(INFORMATION PROVIDED begins)

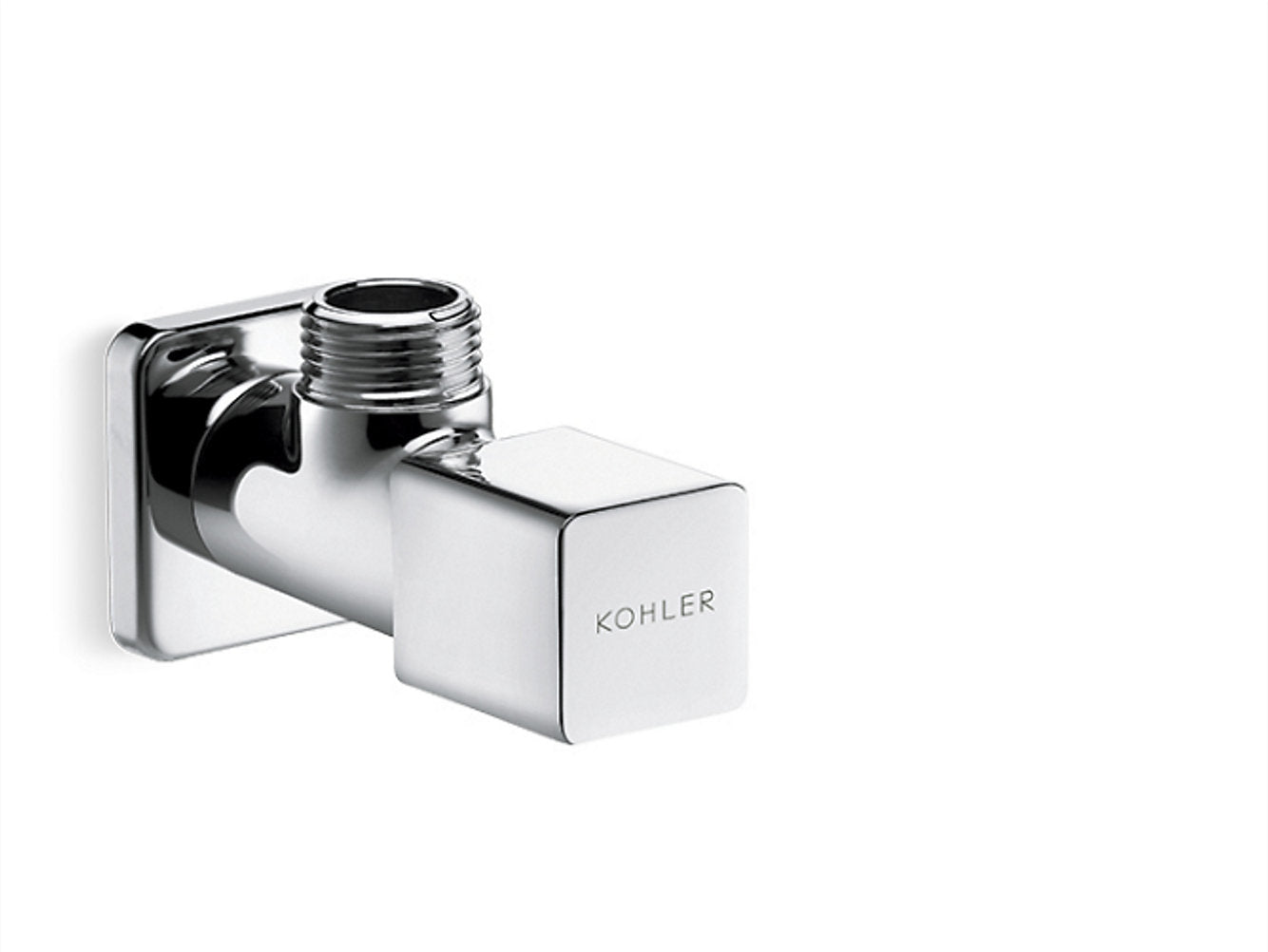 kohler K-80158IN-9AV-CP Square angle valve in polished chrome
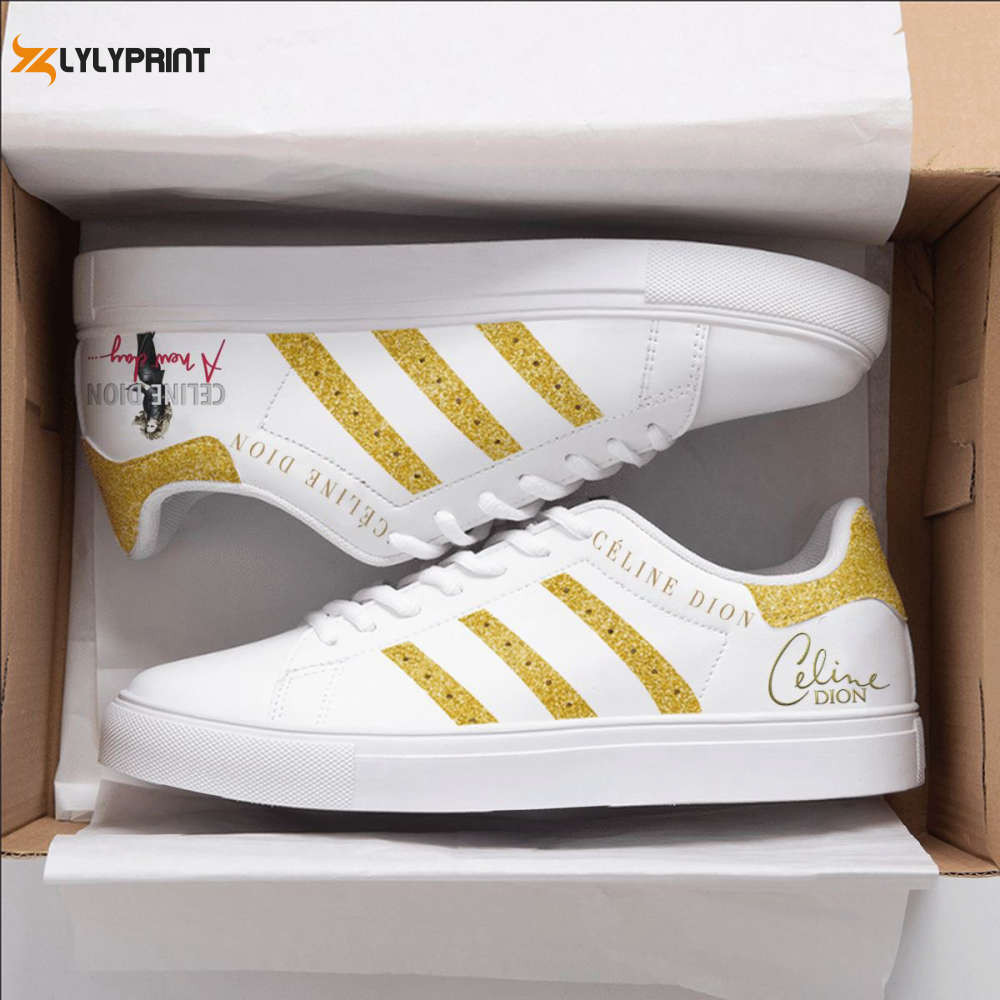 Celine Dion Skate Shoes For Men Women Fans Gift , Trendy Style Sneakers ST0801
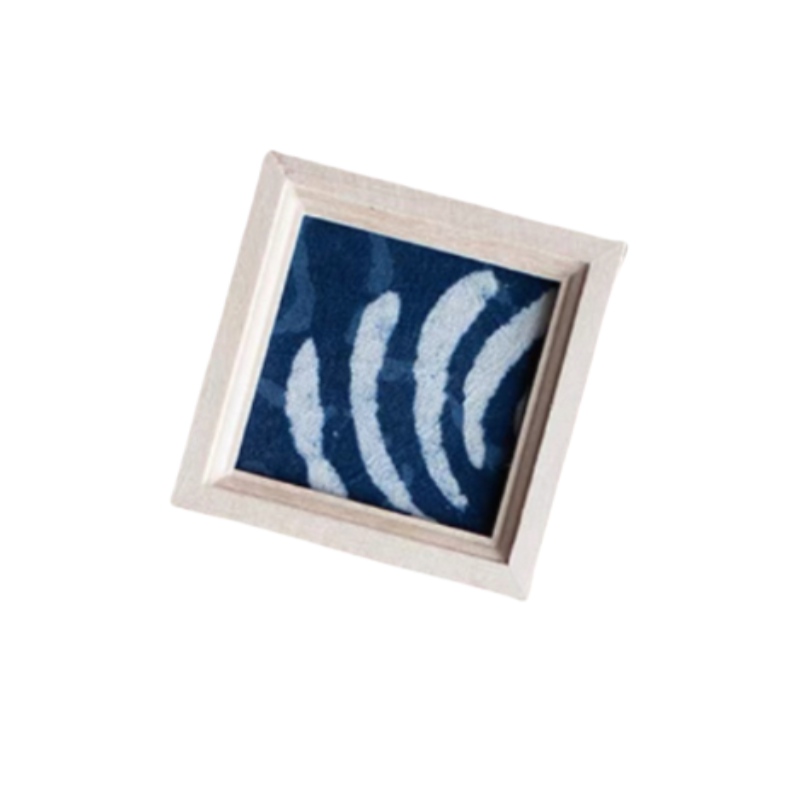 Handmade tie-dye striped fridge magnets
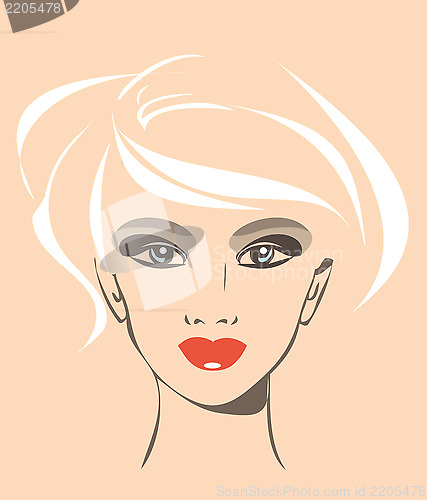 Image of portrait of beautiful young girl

(INFORMATION PROVIDED ends)

▶ **WORK INSTRUCTIONS**
The lines from the one with "Celine Dion Skate" to the end of the data above should be retyped exactly, both ends included, and pictures are to be left out.

▶ **WRITTEN ANSWER**
 Celine Dion Skate Shoes For Men Women Fans Gift , Trendy Style Sneakers ST0801
 Handmade tie-dye striped fridge magnets
 Image of portrait of beautiful young girl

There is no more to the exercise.